We have already covered basic operations in TensorFlow, including add, multiply, matmul, and reduce sum.
In this lesson, we will move on to more advanced operations, including gradient, reshape, and random.
The gradient operation, which we'll use in conjunction with gradient tape, computes the slope of a function at a point. The reshape operation changes the shape of a tensor. And the random module generates a tensor out of randomly-drawn values.

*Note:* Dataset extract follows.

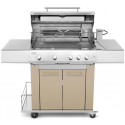 Gratar mobil PIANETAGRILL PIANETAGRILL14 CREM plită 750x450 mm și rafturi laterale cu frigărui motorizat încorporat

In many machine learning problems, you will need to find an optimum--that is, a minimum or maximum.
You may, for instance, want to find the model parameters that minimize the loss function or maximize the objective function.
Fortunately, we can do this by using the gradient operation, which tells us the slope of a function at a point.
We start this process by passing points to the gradient operation until we find one where the gradient is zero.
Next, we check if the gradient is increasing or decreasing at that point. If it is increasing, we have minimum.
Otherwise, we have a maximum.
The plot shows the function y equals x. Notice that the gradient--that is, the slope at a given point, is constant. If we increase x by 1 unit, y also increases by 1 unit.
This is not true if we instead consider the function y equals x squared. When x is less than 0, y decreases when x increases. When x is greater than 0, y increases when x increases. Thus, the gradient is initially negative, but becomes positive for x larger than 0. This means that x equals 0 minimizes y.
Let's use TensorFlow to compute the gradient.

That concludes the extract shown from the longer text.